Despite lending reaching its highest level, Michael Coogan director-general at the CML, said it would have no real impact on the market. He said: “The £1 trillion threshold is clearly a landmark but it does not have any particular significance for policy-makers or others. Although it is a milestone, it will perhaps soon be forgotten as home ownership and mortgage lending continue to grow.”

Commenting on the record level of lending, Drew Wotherspoon, of John Charcol, said: “While £1 trillion in mortgage debt is a huge sum, when you consider the fact there is an unmortgaged property wealth of around £3.6 trillion, this means that the UK’s loan-to-value (LTV) is a mere 22 per cent, which is healthy to say the least. While the amount of mortgage lending has been pushed up by the boom in house prices, there is little to suggest consumers are saddling themselves with mortgages they cannot afford.

“Approval figures for May are at record levels, proving that, despite previous fears of a crash in house prices, the market has picked itself up and the appetite for home ownership among consumers is firmly back on track. I see no reason for this confidence to subside.”

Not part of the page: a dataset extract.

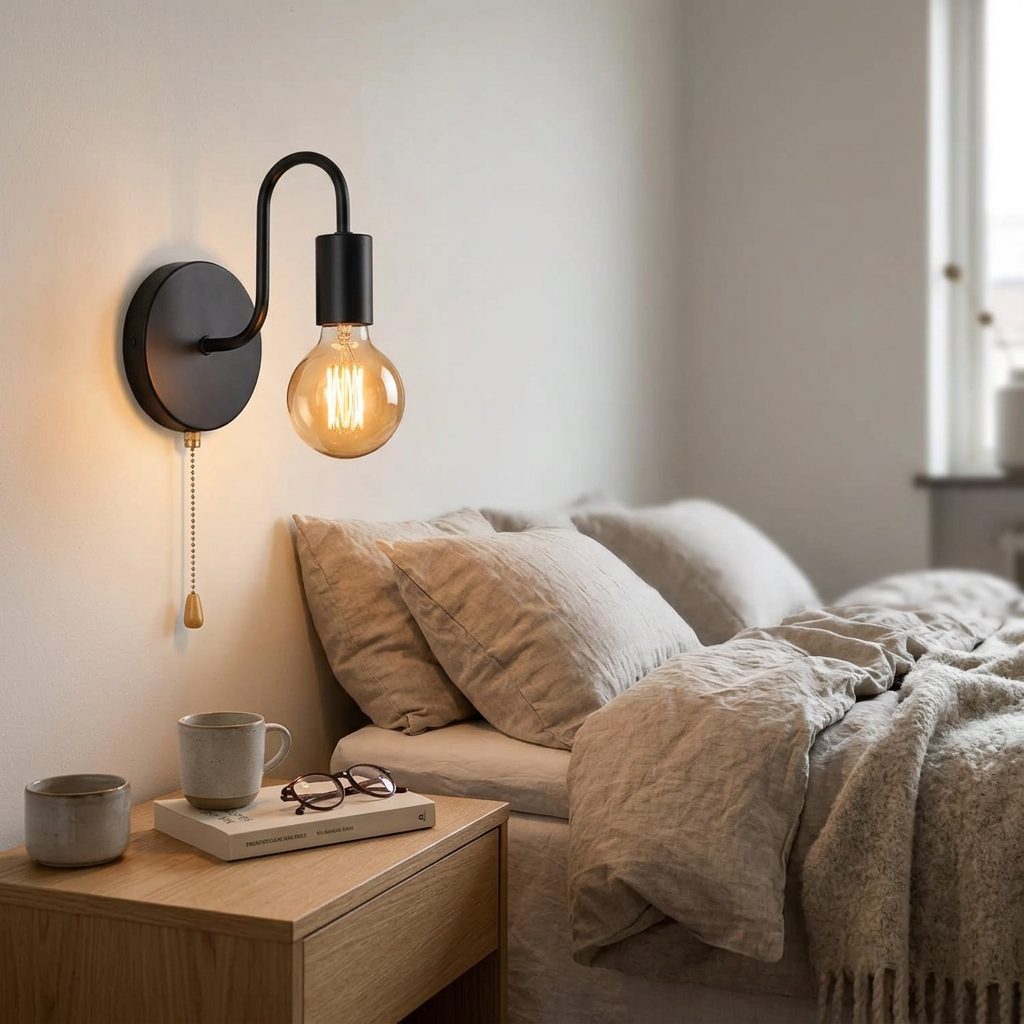 Black Iron Wall Lamp, lifestyle photo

Louise Cuming, head of mortgages at moneysupermarket.com, added: “The CML figures show the average person taking out a mortgage during 2005 spent just 14.6 per cent of their income on interest payments, compared with 25.8 per cent in 1990, signifying affordability is better now than 15 years ago.”

However, Cuming admitted the amount of unmortgaged property wealth, coupled with lower levels of borrowing against income, could fuel an increase in released equity. She said: “This could upset the balance of the economy, or allow people to replace their unsecured debt with secured borrowing, which is often more expensive over the long-term and puts their property at risk.”